WORK TO COMPLETE: With both ends included, repeat exactly the lines of the entries below from the one containing "A Victorian carved" down to the one containing "The students and", and no others.

EXERCISE MATERIALS:
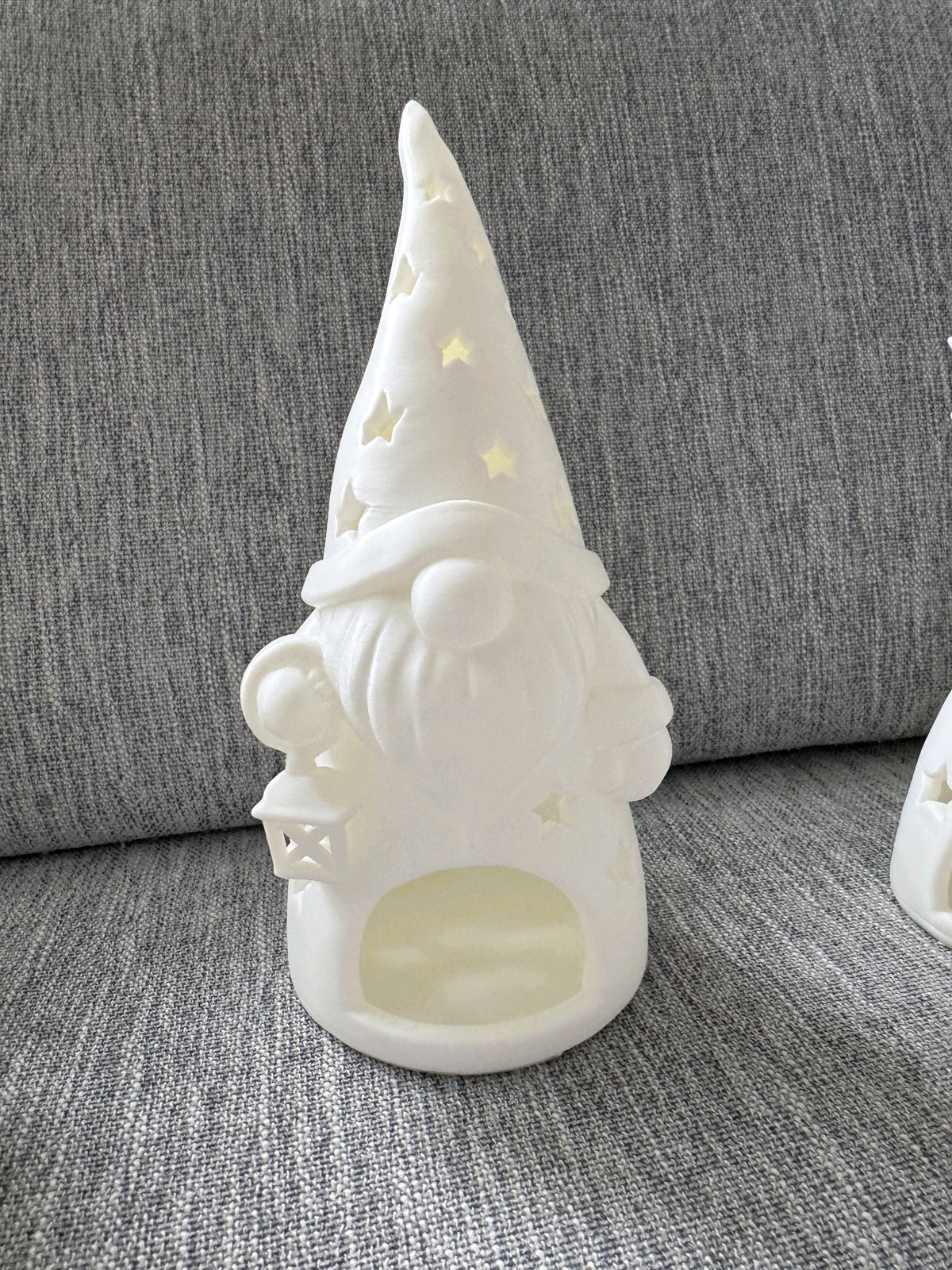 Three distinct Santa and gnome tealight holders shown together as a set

---

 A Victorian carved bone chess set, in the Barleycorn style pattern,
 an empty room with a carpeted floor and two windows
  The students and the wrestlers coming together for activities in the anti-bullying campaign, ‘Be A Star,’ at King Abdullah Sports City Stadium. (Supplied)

OUTPUT BELOW:
 A Victorian carved bone chess set, in the Barleycorn style pattern,
 an empty room with a carpeted floor and two windows
  The students and the wrestlers coming together for activities in the anti-bullying campaign, ‘Be A Star,’ at King Abdullah Sports City Stadium. (Supplied)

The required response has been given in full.